Ключи брала зарю отмыкала.
Зарю отмыкала, росу выпускала.
Роса хрустальная, трава шелковая...
Полеля так ясно представляла, как Заря Утренняя встречается со своим суженым, и вслед за их свадьбой, идет пора плодов и зерен вместо поры цветения, и завязи, что ей будто бы слышались легкие шаги, хрустальный смех невесты. И думалось в этот час, что жизнь человеческая точно так же отражается в вечной небе, как и годовой круг: в детстве - зеленые листочки, в юности - пестрые пахучие цветы, в молодости - завязи, если цветение было не пустым, в зрелости - плоды, в старости - семена, которые в следующем году-поколении дадут новые зеленые листочки. И она, Полеля, часть этого коловращения, позади ее стоят ее предки, а впереди совсем скоро встанут потомки и не будет этому ни конца, ни края.

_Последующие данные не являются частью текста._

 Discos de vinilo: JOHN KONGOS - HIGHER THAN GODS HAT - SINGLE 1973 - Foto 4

Песня уже кончилась, и сердце ее застучало: вот-вот взойдет великое светило, пригреет всех людей, обласкает каждую былинку.
Но, когда поднялось солнце, послышались испуганные возгласы.

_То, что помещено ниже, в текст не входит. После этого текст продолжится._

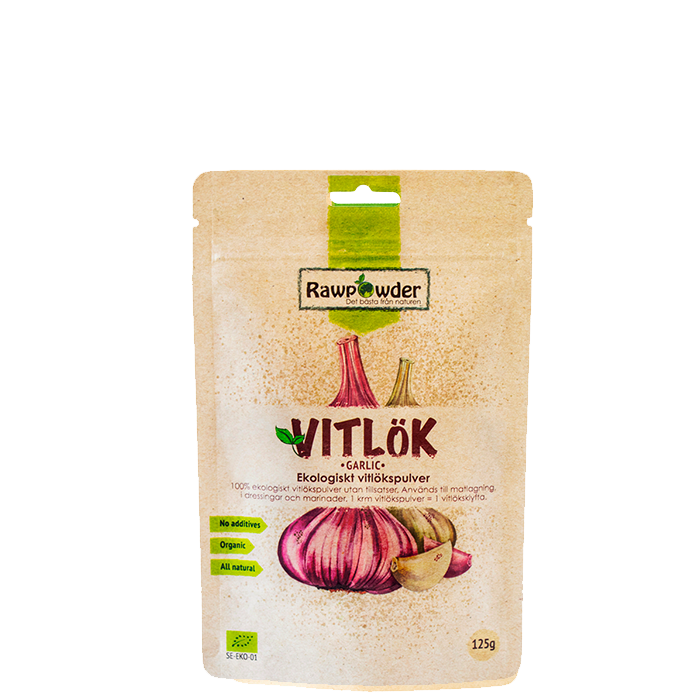 Ekologiskt Vitlökspulver 125 g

Впервые, сколько Полеля себя помнила, на Купальской неделе солнце всходило не в ясном небе. Весь восход был заткан сизым маревом, не пропускавшим ни одного луча. Кроме этой серости нигде не было ни облачка, но что за радость от голубого неба, если солнце не благословит ни праздновавших, ни поля, ни леса, ни озера первыми лучами?
Прошли минуты, и марево рассеялось. Принужденно, стараясь забыть о страшном видении, селяне продолжили праздник: быть может, если на земле все будет идти своим чередом, там, на небе, тоже выровняется порядок. Но тяжелый осадок на сердце оставался: каждый гадал, как отзовется виденное, что будет.
Вечером Полеля с девками повели Омелицу в баню, отмывать перед свадьбой. Невесте полагалось бы плакать, но Омелица только пару раз для порядка вытерла слезинки, да и те, как подозревала Полеля, были скорее от счастья, чем от горя расставания с девичеством.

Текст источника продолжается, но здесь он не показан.